21 déc. 2011

NOUS TROUVONS TOUJOURS DE BONNES RAISONS… MÊME À CE QUE NOUS NE COMPRENONS PAS

Emboîtements et émergences (5)
Nous, les humains, avons la capacité d’analyser ce à quoi nous participons, talent clé de notre existence et de notre survie.
Notre connaissance n’est pas infinie, mais elle progresse. Ainsi nous repoussons sans cesse les limites de notre science, nous avons percé la logique de l’ADN, nous plongeons chaque jour plus profondément dans l’infiniment petit comme dans l’infiniment grand, nous approchons du moment du big-bang où tout semble avoir commencé, nous dressons des cartographies de plus en plus fines de notre cerveau et des interactions entre nos neurones…
Certes, certes…
Mais ceci n’est vrai, par construction, que pour ce qui est accessible à notre compréhension.

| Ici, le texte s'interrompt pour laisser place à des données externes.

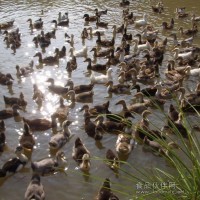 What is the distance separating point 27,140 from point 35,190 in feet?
7.46

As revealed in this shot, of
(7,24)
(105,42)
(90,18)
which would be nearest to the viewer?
(105,42)

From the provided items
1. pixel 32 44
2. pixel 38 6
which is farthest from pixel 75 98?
pixel 38 6

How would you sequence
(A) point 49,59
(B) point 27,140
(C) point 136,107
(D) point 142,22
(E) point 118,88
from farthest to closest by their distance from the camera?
(D) point 142,22 < (A) point 49,59 < (E) point 118,88 < (C) point 136,107 < (B) point 27,140

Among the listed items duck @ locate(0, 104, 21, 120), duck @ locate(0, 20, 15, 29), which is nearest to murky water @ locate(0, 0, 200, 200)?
duck @ locate(0, 104, 21, 120)

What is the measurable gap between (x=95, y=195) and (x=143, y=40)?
11.7m

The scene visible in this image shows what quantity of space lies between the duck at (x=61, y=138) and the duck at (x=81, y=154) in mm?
496

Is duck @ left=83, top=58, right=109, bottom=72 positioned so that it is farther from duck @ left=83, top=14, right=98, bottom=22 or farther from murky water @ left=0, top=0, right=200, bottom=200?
duck @ left=83, top=14, right=98, bottom=22

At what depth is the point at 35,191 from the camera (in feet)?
25.9

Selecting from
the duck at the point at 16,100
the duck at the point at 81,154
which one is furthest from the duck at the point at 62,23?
the duck at the point at 81,154

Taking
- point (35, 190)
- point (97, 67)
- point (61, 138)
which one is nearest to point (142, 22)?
point (97, 67)

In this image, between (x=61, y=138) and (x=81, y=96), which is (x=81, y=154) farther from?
(x=81, y=96)

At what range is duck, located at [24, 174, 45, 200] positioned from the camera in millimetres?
7805

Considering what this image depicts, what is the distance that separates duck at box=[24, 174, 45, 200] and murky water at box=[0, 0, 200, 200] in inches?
11.1

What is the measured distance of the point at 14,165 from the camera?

Si jamais il existe quelque chose qui est d’une dimension qui nous échappe littéralement, c’est-à-dire qui, pour une raison ou une autre, ne peut être concevable par nous, alors nous ne pourrons jamais le comprendre. Nous serions dans la situation des bactéries et des neurones dont je parlais hier…
Que se passe-t-il donc quand nous sommes face à de telles situations ? Il semble bien qu’alors, nous sommes les champions de la rationalisation a posteriori. Dans mon livre Neuromanagement, je rapportais une expérience troublante :
« Prenons l’expérience rapportée par Lionel Naccache dans Le Nouvel Inconscient (p. 385) et menée par un chercheur, Michaël Gazzaniga, sur un patient atteint de déconnexion interhémisphérique : dans cette maladie, l’hémisphère droit est incapable de communiquer avec l’hémisphère gauche. L’expérience a été la suivante : à la gauche de l’écran situé devant le patient, est apparu pendant quelques dixièmes de seconde l’ordre verbal « Marchez ». Il s’est alors levé et déplacé : l’ordre lu par l’hémisphère droit venait d’être exécuté, mais, à cause de la maladie, l’hémisphère gauche, qui assure notamment la maîtrise du langage, n’était pas informé de l’existence de cet ordre et donc ne pouvait pas savoir pourquoi il s’était levé.
Gazzaniga lui demanda alors : « Où allez-vous ? ». Au lieu de lui dire qu’il ne savait pas pourquoi, le patient lui répondit du tac au tac : « Je vais à la maison chercher un jus de fruits. » : il venait d’élaborer une interprétation consciente qui lui permettait d’attribuer une signification à son comportement. Plutôt que de répondre : « Je suis en train de sortir de cette pièce mais je ne sais pas du tout pourquoi, comme c’est curieux tout de même ! », le patient avait construit immédiatement une interprétation de son comportement, mais sans se rendre compte que cette interprétation en était une. »
Ainsi quand nos actes sont suscités par quelque chose qui nous dépasse, notre tendance naturelle  serait d’imaginer une motivation que nous comprenons.
Comment alors savoir quand nous comprenons vraiment, et quand nous l’imaginons ?
(à suivre)

2 commentaires:

Anonyme a dit…

veuillez m'excuser : j'ai renoncé à vous répondre sur AgoraVox !
L'explication : je cours après Edgar Morin dans la course des nonagénaires, et je voulais simplement dire mon étonnement de ne pas voir vu, ni son nom, ni celui d'un de ses derniers livre que j'ai apprécié, "La Voie"...
Mais je suis assez bien votre raisonnement.
Cordialement,
Robert Mamet

Robert Branche a dit…

Effectivement j'aurais pu - et peut-être dù - citer Edgar Morin, mais je l'ai déjà fait à de multiples autres occasions !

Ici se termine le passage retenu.